A seguir, muniram-se de um cesto e de uma corda e foram até a caverna onde se havia metido o homenzinho. Empunhando o seu cacete, João entrou no cesto e os outros o fizeram descer. Já no fundo, viu uma porta e, quando a abriu, enxergou uma linda moça, mas tão linda mesmo que não é possível descrevê-la. Ao lado dela , o anão olhava para o rapaz com uma expressão azeda. A jovem achava-se acorrentada e em seu rosto refletia-se tanta tristeza que João se compadeceu dela e disse para si mesmo: " Tens de libertá-la das garras deste anão maldoso" e, aplicando-lhe um golpe certeiro, deixou-o estendido, morto, no chão. Imediatamente as corrente caíram do corpo da jovem.

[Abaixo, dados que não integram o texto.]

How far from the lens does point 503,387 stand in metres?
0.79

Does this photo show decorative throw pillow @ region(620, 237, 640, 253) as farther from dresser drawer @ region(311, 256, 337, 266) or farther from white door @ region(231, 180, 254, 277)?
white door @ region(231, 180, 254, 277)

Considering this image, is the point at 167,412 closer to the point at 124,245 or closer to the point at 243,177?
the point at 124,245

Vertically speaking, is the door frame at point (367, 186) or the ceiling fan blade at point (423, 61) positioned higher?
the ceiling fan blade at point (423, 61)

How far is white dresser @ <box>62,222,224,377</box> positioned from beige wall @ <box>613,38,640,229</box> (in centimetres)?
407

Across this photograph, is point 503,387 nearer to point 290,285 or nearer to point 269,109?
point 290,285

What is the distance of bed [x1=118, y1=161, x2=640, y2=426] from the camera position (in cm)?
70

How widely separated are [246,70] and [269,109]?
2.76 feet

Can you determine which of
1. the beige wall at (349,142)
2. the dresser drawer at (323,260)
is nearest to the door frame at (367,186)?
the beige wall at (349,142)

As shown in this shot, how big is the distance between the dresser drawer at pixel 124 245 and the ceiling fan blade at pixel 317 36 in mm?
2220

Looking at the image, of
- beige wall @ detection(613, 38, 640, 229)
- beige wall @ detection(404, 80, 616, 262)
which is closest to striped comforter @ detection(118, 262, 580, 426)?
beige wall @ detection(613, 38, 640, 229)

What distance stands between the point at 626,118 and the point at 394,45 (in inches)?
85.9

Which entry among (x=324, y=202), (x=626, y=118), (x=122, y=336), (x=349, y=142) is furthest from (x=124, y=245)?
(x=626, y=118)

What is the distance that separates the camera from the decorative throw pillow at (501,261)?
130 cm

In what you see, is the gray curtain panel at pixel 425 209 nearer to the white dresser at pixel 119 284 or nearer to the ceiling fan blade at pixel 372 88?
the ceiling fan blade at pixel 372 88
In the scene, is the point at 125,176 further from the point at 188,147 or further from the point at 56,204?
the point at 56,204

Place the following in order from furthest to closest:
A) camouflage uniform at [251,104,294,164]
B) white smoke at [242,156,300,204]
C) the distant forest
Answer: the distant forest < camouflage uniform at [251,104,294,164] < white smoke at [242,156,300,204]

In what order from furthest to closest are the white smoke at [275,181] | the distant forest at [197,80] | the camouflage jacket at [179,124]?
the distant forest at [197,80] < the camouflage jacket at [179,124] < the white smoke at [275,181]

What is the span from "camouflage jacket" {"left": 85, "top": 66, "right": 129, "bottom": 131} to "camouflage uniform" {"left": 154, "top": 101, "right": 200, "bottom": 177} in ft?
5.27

Ela, então, contou-lhe que era uma princesa, filha de um rei, e que um conde mau a havia raptado de sua pátria e encerrado naquela caverna, como vingança por ela o ter recusado como esposo. O conde a tinha posto sob a guarda daquele anão, que a submetera a toda espécie de torturas.
A seguir, João a fez entrar no cesto e gritou aos dois que o puxassem. Depois o cesto baixou de novo, mas o rapaz não confiou em seus companheiros, pensando: " Já uma vez se mostraram falsos comigo quando se calaram a respeito do anão. Quem sabe o que não estarão tramando agora? " E, para tirar a prova, pôs apenas o cacete no cesto. Foi a sua sorte, pois na metade do caminho eles soltaram a carga. Se João estivesse no cesto, teria morrido na queda. Mas agora, por mais vivo que estivesse, não atinava como sair dali e, por mais que pensasse, não achava solução para o problema.

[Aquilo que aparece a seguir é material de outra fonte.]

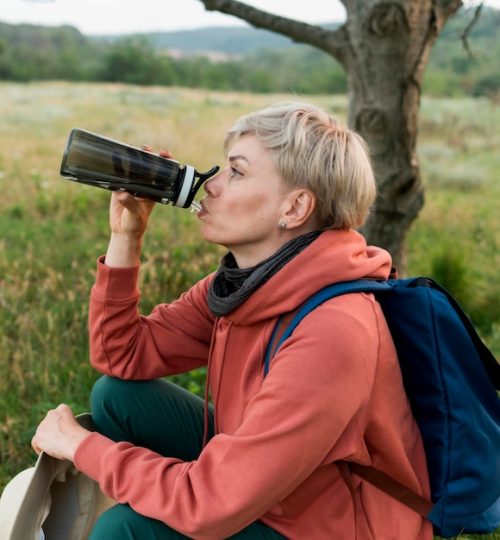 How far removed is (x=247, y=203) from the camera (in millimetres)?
2176

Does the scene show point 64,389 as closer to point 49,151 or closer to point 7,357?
point 7,357

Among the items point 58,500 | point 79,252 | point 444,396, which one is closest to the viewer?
point 444,396

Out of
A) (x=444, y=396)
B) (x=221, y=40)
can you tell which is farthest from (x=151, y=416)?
(x=221, y=40)

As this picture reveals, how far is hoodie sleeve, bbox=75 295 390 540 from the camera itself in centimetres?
177

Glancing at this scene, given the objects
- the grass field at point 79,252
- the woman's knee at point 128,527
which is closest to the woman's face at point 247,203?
the woman's knee at point 128,527

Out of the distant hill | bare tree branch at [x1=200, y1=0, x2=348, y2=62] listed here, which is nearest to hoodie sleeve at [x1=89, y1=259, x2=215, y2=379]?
bare tree branch at [x1=200, y1=0, x2=348, y2=62]

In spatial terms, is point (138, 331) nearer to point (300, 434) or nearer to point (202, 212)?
point (202, 212)

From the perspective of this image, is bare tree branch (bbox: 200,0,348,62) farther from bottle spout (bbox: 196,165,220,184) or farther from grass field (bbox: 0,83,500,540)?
bottle spout (bbox: 196,165,220,184)

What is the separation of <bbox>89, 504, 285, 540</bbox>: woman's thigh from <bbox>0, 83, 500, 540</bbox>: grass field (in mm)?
1285

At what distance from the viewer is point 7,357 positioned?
3.93 m

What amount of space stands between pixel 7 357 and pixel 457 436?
2.63 metres

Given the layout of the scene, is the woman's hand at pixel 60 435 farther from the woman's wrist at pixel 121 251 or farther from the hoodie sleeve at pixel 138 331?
the woman's wrist at pixel 121 251

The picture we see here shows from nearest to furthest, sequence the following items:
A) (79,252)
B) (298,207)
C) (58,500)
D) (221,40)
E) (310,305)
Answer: (310,305)
(298,207)
(58,500)
(79,252)
(221,40)

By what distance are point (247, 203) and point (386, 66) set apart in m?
2.36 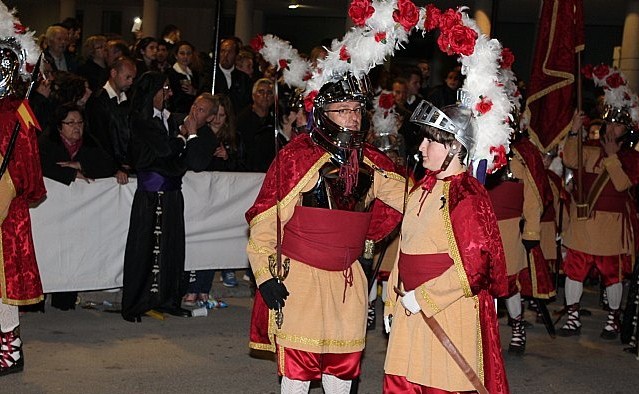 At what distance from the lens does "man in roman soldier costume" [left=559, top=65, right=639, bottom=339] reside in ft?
28.9

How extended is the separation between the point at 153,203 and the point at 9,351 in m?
2.17

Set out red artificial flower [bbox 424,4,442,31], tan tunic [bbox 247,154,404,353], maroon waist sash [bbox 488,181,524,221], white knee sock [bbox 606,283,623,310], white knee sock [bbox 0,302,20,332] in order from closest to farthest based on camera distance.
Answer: red artificial flower [bbox 424,4,442,31] < tan tunic [bbox 247,154,404,353] < white knee sock [bbox 0,302,20,332] < maroon waist sash [bbox 488,181,524,221] < white knee sock [bbox 606,283,623,310]

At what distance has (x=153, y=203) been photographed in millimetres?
8289

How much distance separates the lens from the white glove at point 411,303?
4816 mm

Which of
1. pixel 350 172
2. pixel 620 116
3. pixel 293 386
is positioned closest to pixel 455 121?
pixel 350 172

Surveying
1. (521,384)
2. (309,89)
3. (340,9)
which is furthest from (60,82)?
(340,9)

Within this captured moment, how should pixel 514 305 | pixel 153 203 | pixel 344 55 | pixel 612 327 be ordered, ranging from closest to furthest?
pixel 344 55, pixel 514 305, pixel 153 203, pixel 612 327

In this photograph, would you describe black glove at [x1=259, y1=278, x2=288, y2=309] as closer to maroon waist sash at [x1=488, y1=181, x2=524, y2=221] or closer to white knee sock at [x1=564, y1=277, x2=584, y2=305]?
maroon waist sash at [x1=488, y1=181, x2=524, y2=221]

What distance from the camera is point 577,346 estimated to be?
861 cm

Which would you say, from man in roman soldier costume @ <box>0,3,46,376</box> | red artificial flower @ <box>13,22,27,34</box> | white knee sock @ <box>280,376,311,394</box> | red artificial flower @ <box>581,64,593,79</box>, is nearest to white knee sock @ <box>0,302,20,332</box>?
man in roman soldier costume @ <box>0,3,46,376</box>

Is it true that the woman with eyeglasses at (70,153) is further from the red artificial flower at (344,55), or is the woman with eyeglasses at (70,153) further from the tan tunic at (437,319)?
the tan tunic at (437,319)

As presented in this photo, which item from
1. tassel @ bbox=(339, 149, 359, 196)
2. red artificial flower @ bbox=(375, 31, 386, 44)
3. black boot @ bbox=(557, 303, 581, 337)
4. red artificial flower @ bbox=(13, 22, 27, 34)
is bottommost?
black boot @ bbox=(557, 303, 581, 337)

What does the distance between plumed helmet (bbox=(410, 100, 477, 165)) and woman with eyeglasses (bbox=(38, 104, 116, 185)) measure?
4.20 meters

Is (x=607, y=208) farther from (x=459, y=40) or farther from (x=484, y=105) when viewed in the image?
(x=459, y=40)
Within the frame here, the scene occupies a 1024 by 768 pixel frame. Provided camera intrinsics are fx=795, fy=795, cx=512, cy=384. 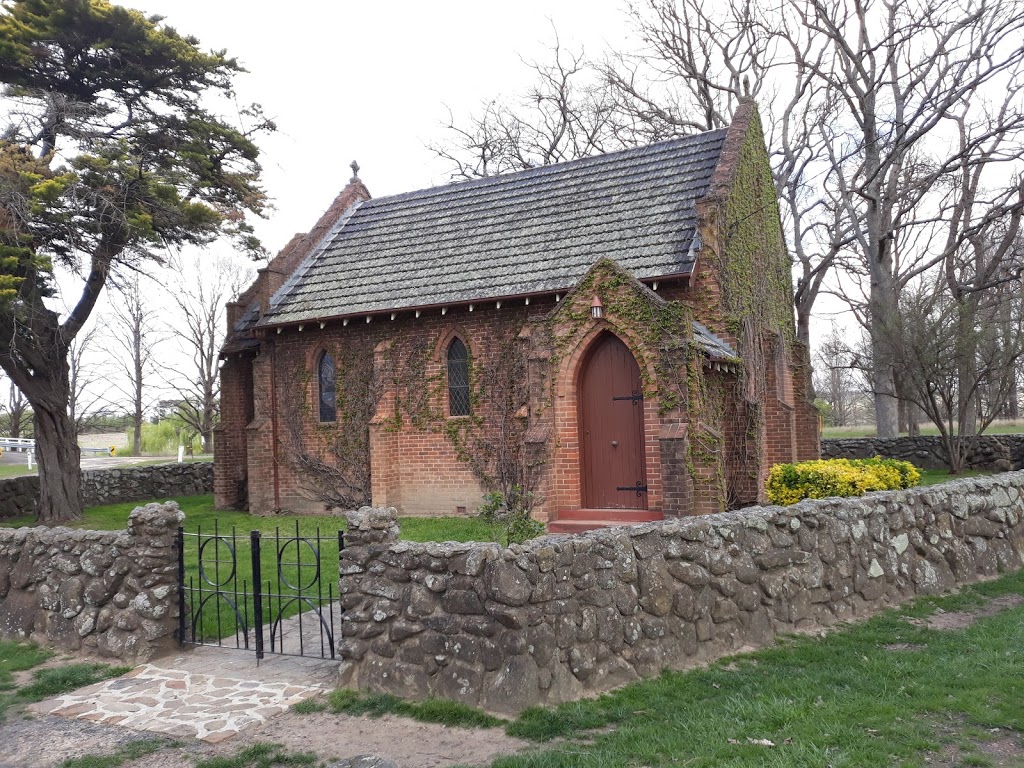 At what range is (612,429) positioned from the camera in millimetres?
13648

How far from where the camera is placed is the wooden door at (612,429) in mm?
13383

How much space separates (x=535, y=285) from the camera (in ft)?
51.0

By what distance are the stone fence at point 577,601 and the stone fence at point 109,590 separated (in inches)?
92.9

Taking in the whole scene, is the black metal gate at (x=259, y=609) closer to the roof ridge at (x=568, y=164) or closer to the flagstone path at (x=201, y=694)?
the flagstone path at (x=201, y=694)

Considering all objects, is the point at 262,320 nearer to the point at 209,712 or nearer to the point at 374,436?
the point at 374,436

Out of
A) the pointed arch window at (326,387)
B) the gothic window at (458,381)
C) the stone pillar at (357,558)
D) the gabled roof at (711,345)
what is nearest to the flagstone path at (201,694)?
the stone pillar at (357,558)

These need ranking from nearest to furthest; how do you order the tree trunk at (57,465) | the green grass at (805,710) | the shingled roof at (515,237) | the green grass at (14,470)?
the green grass at (805,710) → the shingled roof at (515,237) → the tree trunk at (57,465) → the green grass at (14,470)

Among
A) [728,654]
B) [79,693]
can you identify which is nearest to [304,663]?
[79,693]

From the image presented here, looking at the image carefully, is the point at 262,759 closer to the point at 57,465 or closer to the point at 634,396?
the point at 634,396

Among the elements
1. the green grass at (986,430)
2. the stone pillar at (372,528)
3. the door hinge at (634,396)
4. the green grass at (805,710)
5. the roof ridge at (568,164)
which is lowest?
the green grass at (805,710)

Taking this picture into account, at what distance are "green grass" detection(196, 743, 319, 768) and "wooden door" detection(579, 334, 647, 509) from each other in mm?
8560

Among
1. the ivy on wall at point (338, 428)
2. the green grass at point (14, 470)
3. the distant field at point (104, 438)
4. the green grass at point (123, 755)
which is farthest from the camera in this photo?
the distant field at point (104, 438)

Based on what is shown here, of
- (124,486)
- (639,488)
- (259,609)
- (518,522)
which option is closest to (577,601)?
(518,522)

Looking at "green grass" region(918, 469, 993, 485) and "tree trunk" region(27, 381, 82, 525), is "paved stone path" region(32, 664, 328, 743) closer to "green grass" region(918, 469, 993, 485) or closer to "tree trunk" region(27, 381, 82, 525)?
"tree trunk" region(27, 381, 82, 525) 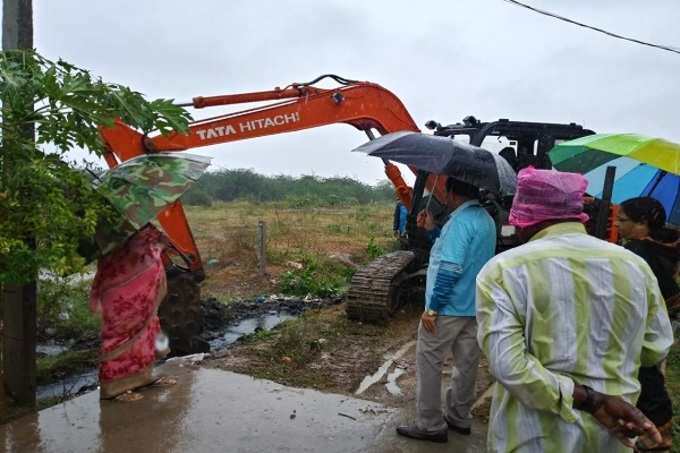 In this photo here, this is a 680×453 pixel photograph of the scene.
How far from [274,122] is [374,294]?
97.6 inches

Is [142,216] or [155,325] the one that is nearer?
[142,216]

- É triste- pensava- ser obrigado a morrer de fome e sede.
Andando de um lado para outro, voltou a entrar na cela onde estivera a moça e notou no dedo do anão um anel que refulgia. Apoderou-se dele e, pouco depois, ao dar-lhe volta no dedo, percebeu de repente um rumor de asas sobre a sua cabeça. Olhou para cima e viu uns pequenos gênios aéreos, que o saudaram como a seu amo e perguntaram o que lhes ordenava. Por um momento João ficou mudo de assombro. No instante seguinte, porém, ordenou-lhes que o transportassem à superfície. Obedeceram imediatamente.

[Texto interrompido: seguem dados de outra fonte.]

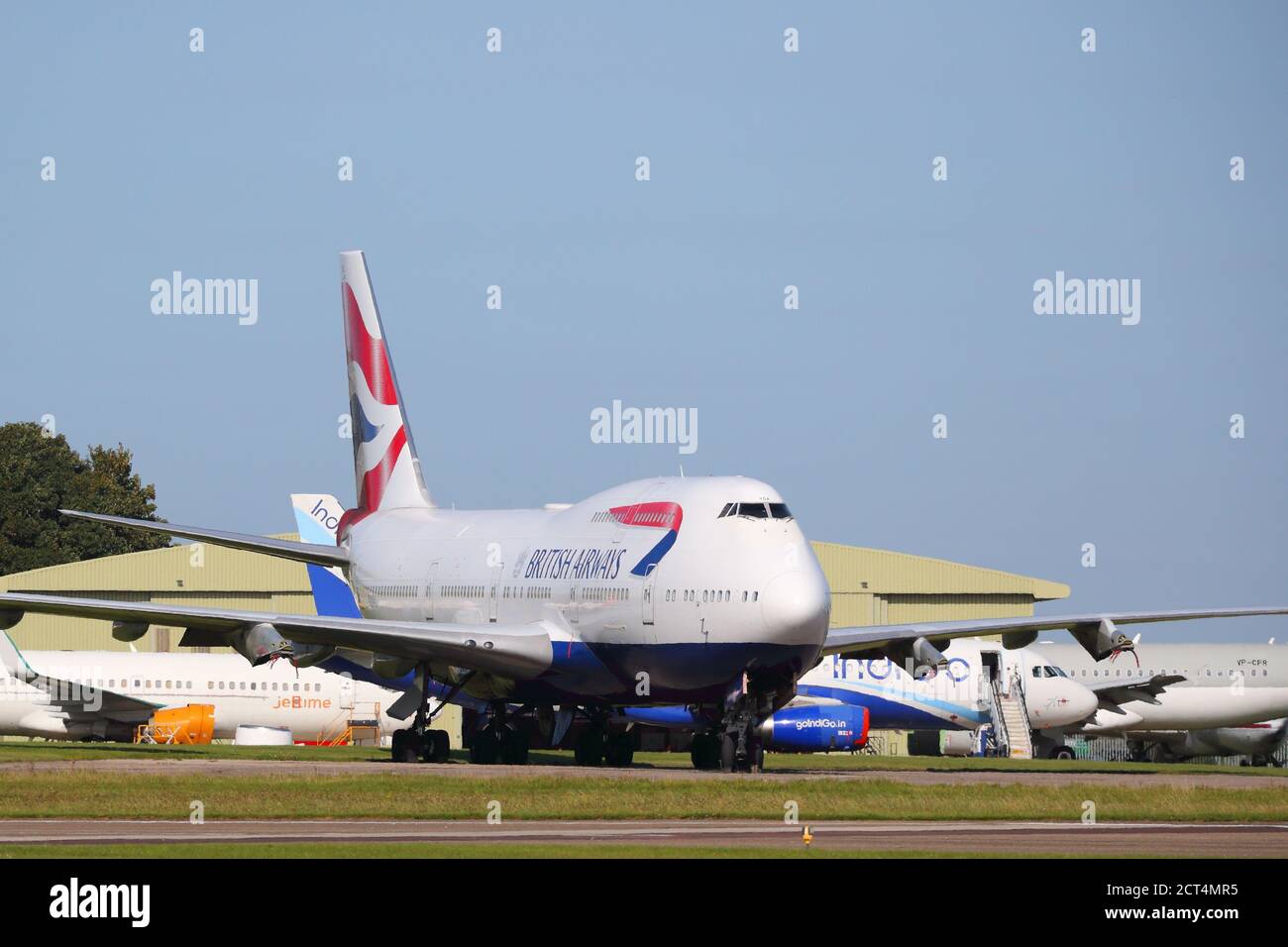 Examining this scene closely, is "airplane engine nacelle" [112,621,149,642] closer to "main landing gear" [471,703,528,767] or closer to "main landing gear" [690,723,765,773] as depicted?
"main landing gear" [471,703,528,767]

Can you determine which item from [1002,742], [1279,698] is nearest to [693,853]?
[1002,742]

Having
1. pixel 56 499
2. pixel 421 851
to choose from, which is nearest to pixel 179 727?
pixel 421 851

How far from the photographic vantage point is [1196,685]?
75188mm

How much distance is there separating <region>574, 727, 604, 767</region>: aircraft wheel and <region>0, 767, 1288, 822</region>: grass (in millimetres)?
10836

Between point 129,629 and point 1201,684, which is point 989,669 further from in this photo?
point 129,629

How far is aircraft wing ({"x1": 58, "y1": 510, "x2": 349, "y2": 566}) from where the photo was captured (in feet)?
152

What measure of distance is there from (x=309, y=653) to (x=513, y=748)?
5.62m

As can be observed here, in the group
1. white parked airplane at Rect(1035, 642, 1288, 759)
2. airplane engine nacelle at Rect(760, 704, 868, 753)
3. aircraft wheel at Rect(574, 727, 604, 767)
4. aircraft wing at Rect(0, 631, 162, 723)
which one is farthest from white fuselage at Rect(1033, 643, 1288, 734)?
aircraft wing at Rect(0, 631, 162, 723)

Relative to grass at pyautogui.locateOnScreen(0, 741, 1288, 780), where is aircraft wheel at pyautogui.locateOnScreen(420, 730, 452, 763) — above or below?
above

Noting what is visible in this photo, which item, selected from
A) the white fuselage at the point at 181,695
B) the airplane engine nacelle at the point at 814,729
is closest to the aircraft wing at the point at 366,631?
the airplane engine nacelle at the point at 814,729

Mas, uma vez em cima, não viu ninguém e, quando chegou ao castelo, também o encontrou deserto. Torce-pinho e Quebra-pedra tinham fugido, levando a formosa princesa. João deu meia volta ao anel e apresentaram-se, novamente, os gênios do ar. Estes lhe disseram que seus companheiros se achavam em alto mar. João correu até a praia e descobriu, ao longe, um barco ocupado por seus desleais amigos. Num acesso de de fúria, atirou-se à água com seu pesado cacete e pôs-se a nadar. Mas madeira, pesadíssima, o puxou para baixo e por pouco já ia se afogando. Ainda em tempo, deu volta ao anel e, no mesmo instante, vieram os gênios e o transportaram ao barco com a rapidez do raio. Empunhando o porrete, deu aos dois pérfidos companheiros o merecido castigo e os atirou ao mar. Depois manejando os remos, voltou à costa com a bela princesa, que havia passado por um grande susto e a quem libertara pela segunda vez. Levou-a de volta aos seus pais e depois casou-se com ela. E todos se alegraram muito. FIM
Os contos que estou transcrevendo são de livros muito antigos que ganhei de meu querido pai. Quando percebi que eles estavam ficando velhos e amarelados, fiquei com medo de perdê-los. Resolvi então salvá-los para sempre, digitando letra por letra e me envolvendo em cada história. Obrigada pai e mãe, amo vocês! E um obrigada às novas tecnologias que me permitirão salvar meus livros e dar a outras pessoas a oportunidade de se emocionarem com Os Contos de Grimn e Andersen como eu me emocionei.